** RAW DATA follows **
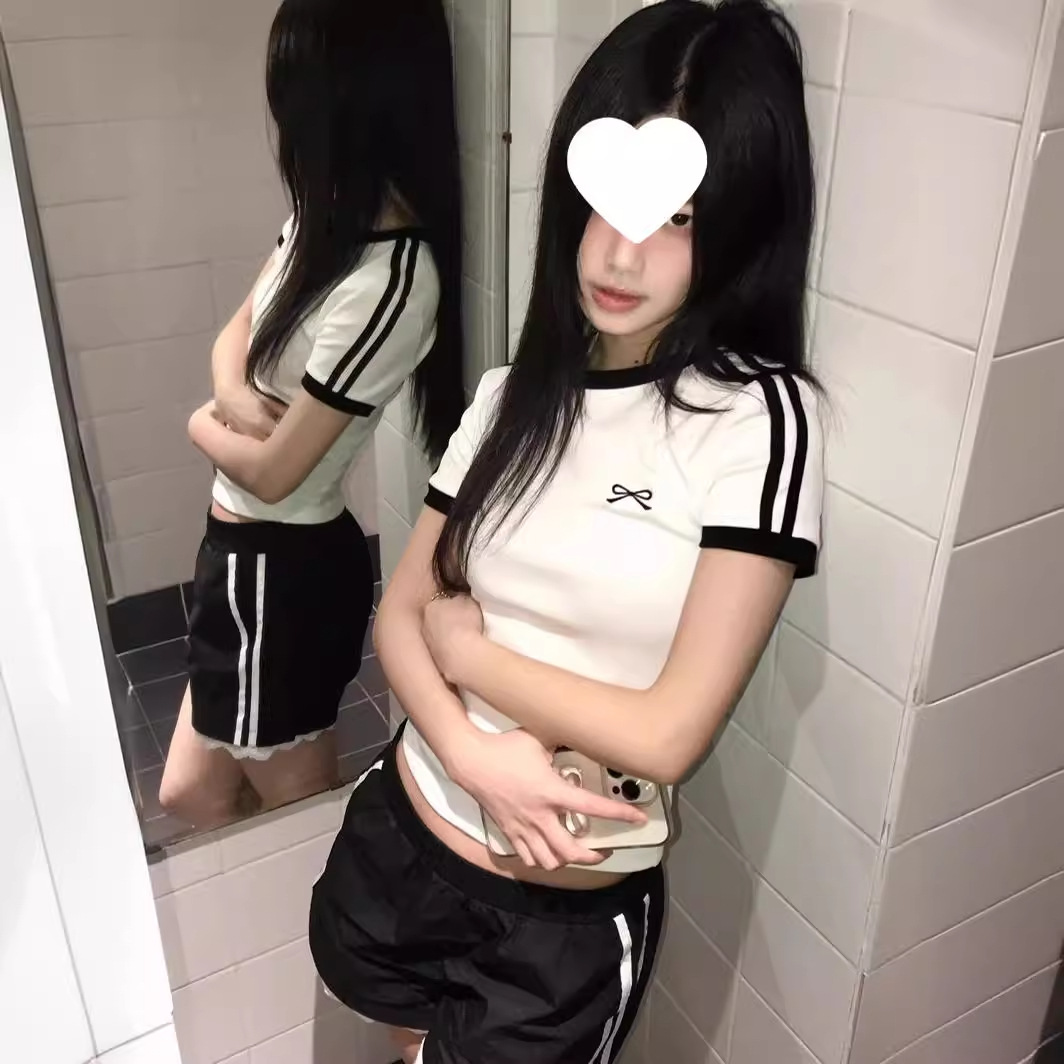 [210g 40 면] 활 자수 대비 색상 짧은 소매 티셔츠 여성용 슬림 짧은면 탑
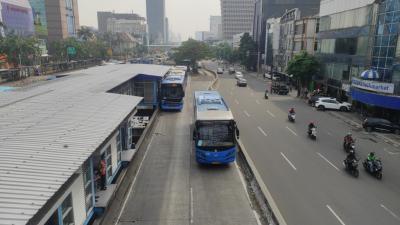 TERBARU! Transjakarta Ambil Langkah Strategis di Bulan Ramadan: Berbuka Puasa di Bus Diperbolehkan, Namun Ada Batasan Waktu Krusial yang Wajib Diketahui Pengguna! Ini Potensi Dampak Ekonominya Bagi Mobilitas Ibu Kota.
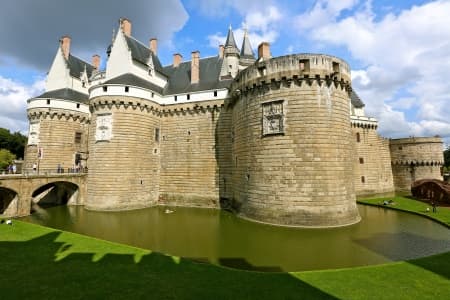 The Loire Valley, a Royal legacy (port-to-port cruise)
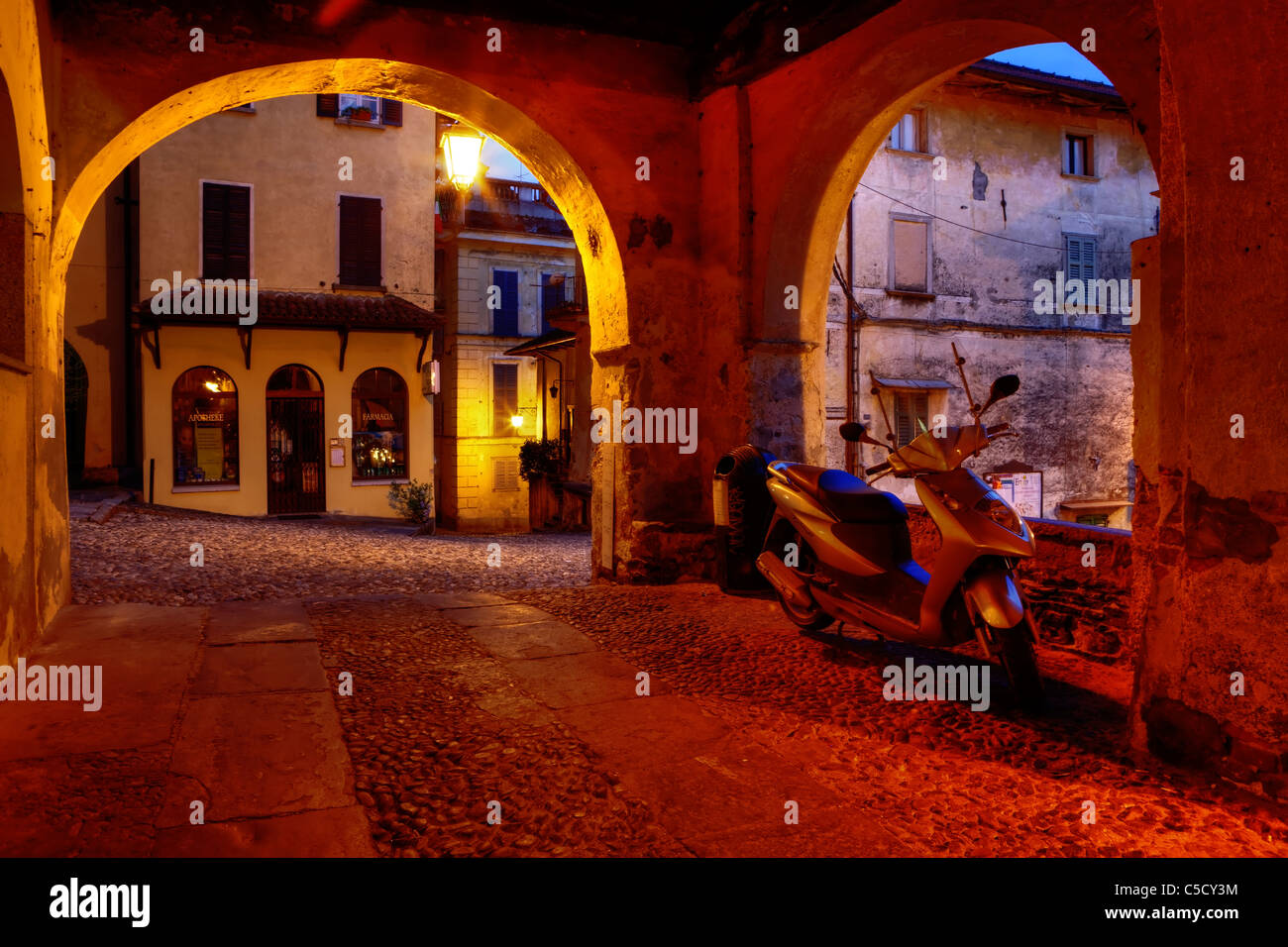 Une ruelle dans la soirée à Orta San Giulio, Piémont, Italie dans le centre historique de la Vieille Ville Banque D'Images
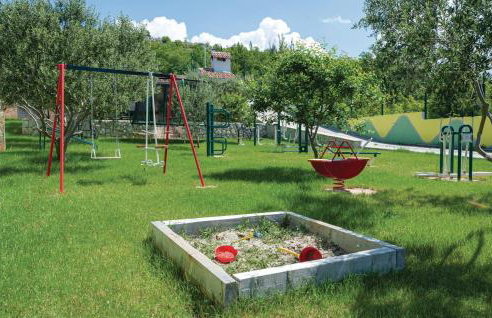 Nice Home In Sestanovac With Kitchen - Foto 28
** End of RAW DATA **
■ YOUR ASSIGNMENT: In the records above, find the line containing "Une ruelle dans", then write out exactly that line and every later one through the last, omitting pictures.

■ ANSWER TO THIS TASK:
 Une ruelle dans la soirée à Orta San Giulio, Piémont, Italie dans le centre historique de la Vieille Ville Banque D'Images
 Nice Home In Sestanovac With Kitchen - Foto 28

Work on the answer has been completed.